Information given
---*---

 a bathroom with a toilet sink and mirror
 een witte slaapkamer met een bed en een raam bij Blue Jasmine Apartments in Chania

---*---

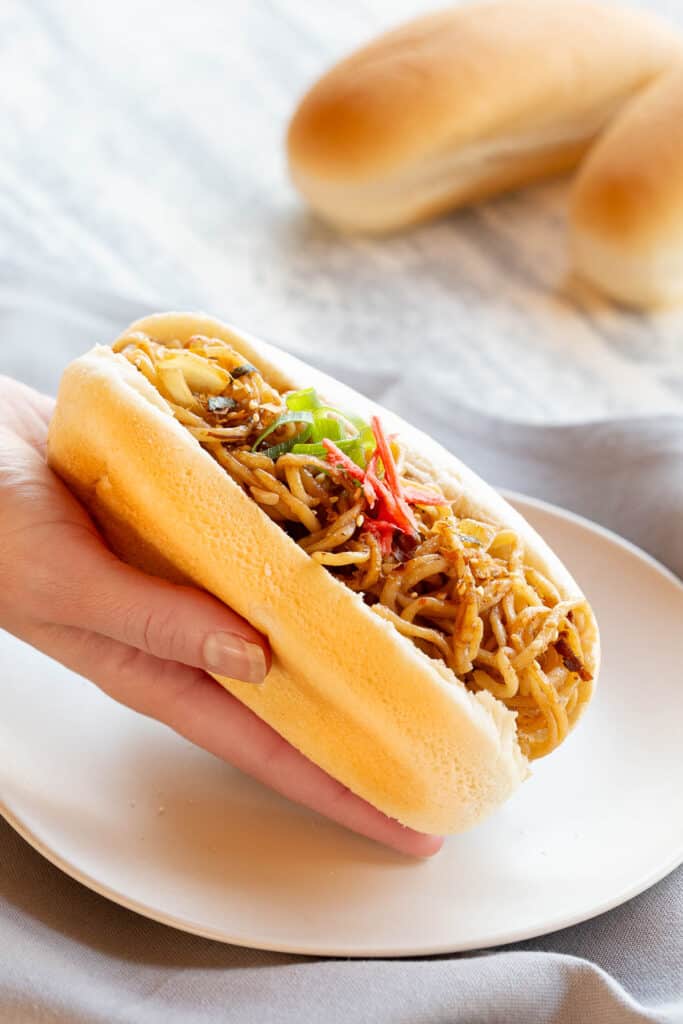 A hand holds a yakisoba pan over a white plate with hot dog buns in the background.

---*---

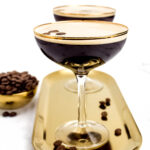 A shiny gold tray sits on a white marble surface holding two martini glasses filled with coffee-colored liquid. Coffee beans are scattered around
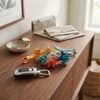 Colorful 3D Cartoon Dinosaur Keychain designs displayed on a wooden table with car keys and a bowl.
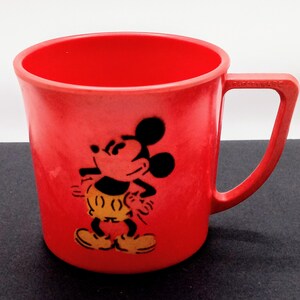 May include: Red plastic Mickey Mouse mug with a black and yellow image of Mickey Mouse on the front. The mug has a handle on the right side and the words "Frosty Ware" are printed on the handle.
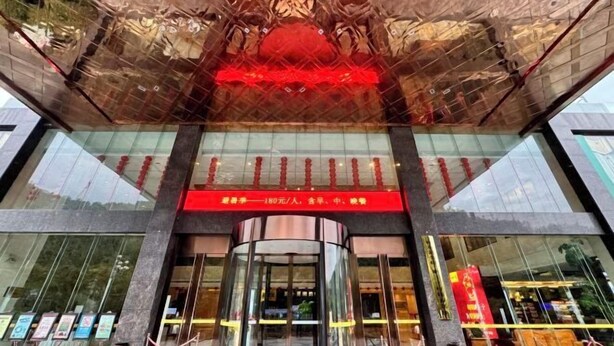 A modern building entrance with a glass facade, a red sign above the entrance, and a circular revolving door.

---*---

Only the lines from the one containing "a bathroom with a toilet sink and mirror" through the one containing "een witte slaapkamer" are to be retyped, both boundary lines included, with no other material.

Reply
 a bathroom with a toilet sink and mirror
 een witte slaapkamer met een bed en een raam bij Blue Jasmine Apartments in Chania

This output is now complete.